# Hey guys I just finished my first soap ever ! I am so Happy



## ezeriuke (Feb 4, 2010)

This is the recipe: 

macadamia nut oil - 4 oz
olive oil - 2.5oz
coconut oil - 2 oz
palm oil - 1.5 oz
cocoa butter - 1oz
sesame oil - 1oz
shea butter - 1oz
grapeseed oil - 3oz
almond (sweet) oil - 2oz

Naoh - 2.56  water - 6.75   

I did it by Hot Process and used purple coloring and lavender essential oil
It looks good and it smells great 
I am addicted already, I am dreaming what other soaps I will make )))


----------



## opalgirl (Feb 4, 2010)

Yay you!!  Looks good!  I like the soft purple color.


----------



## IanT (Feb 4, 2010)

Wonderful job!!! Id say for a first soap ever, you hit the nail right on the head!! they look beautiful!!
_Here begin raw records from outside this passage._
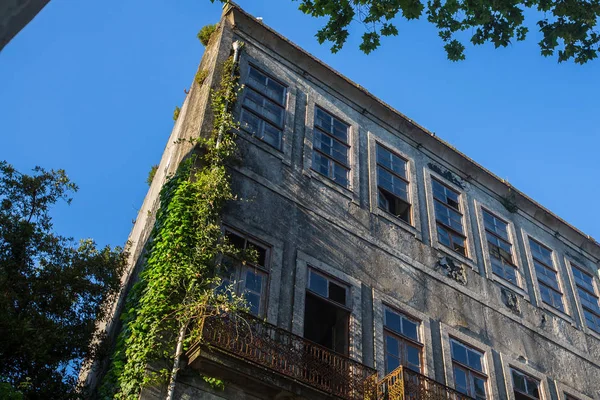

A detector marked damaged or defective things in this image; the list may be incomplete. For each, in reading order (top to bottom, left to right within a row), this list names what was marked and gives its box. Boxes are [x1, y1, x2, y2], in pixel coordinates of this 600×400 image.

broken window [220, 230, 270, 318]
broken window [239, 65, 286, 150]
rusted metal railing [204, 312, 378, 400]
broken window [304, 268, 352, 356]
broken window [314, 105, 352, 188]
broken window [378, 145, 410, 225]
broken window [384, 306, 422, 376]
rusted metal railing [380, 368, 474, 398]
broken window [432, 178, 468, 256]
broken window [450, 340, 488, 398]
broken window [480, 211, 516, 286]
broken window [510, 368, 540, 400]
broken window [528, 238, 564, 312]
broken window [568, 264, 596, 332]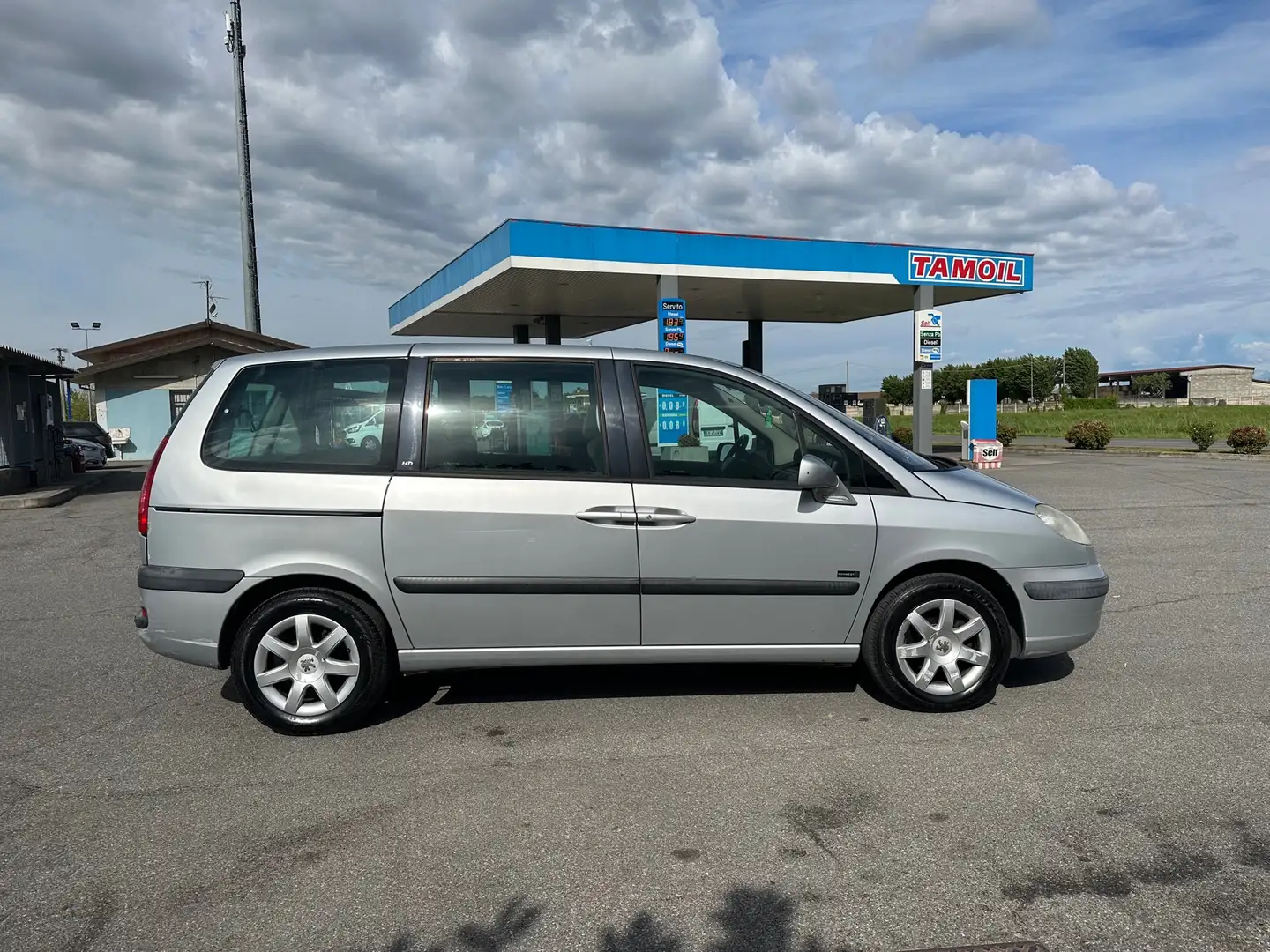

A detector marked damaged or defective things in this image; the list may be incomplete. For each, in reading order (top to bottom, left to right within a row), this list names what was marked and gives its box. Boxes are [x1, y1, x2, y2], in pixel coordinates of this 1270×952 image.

cracked asphalt [2, 459, 1270, 949]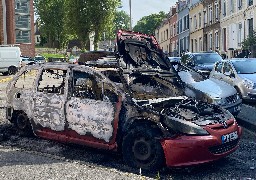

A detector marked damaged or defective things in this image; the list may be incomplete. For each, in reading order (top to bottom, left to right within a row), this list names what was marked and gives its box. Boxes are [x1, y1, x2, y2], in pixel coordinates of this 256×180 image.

lol yeaaah that happened to me, its like they say about pringles....pop and cant stop and such lol... now the only thing that hold s you back is budgeting lol.... which is a TOUGH but neccessary evil lol..


Im so happy for you! 

congratulations!


----------



## Lynnz (Feb 8, 2010)

WOW fab first soaps...........Welcome to the best addiction in the world.


----------



## sbp (Feb 8, 2010)

Lovely soaps!  We are here to help you feed your new addiction :wink: 
Susan


----------



## Zenobiah (Feb 8, 2010)

Great job!


----------



## honor435 (Feb 8, 2010)

nice soap, if you wanted you could use more of some of those oils, so you dont have so much measuring? like 12 oz oo
                                                     9 co
                                                     6 po
                                                     3 castor, just a thought?


----------



## Bubbles Galore (Feb 10, 2010)

Lovely. Have you made another batch yet?  :wink:


----------



## craftgirl08 (Feb 12, 2010)

*Re:  first soap*

They look terrific!!  Way to go for a first timer.     I love the color.


----------



## Alexandra (Feb 16, 2010)

They look beautiful. I like the colour.


----------



## marchroses (Feb 18, 2010)

Congrats on your first batch! Looks great


----------



## Fweda_998 (Mar 17, 2010)

Wow I'm impressed with your first batch  
I looks awesome


----------



## orangetree71 (Mar 17, 2010)

Congratulations!  They are beautiful.


----------



## April (Mar 17, 2010)

Congratulatins.  Your soap must be the "Fountain of Youth" because the oils are so nourishing.

Welcome to the most beneficial addiction in the world.

Cheers,

April


----------



## IanT (Mar 18, 2010)

looking goood!!

I love the color!!!

your brave! I didnt even use color in my first batch!! looks like it turned out nicely! have you tested it yet??


----------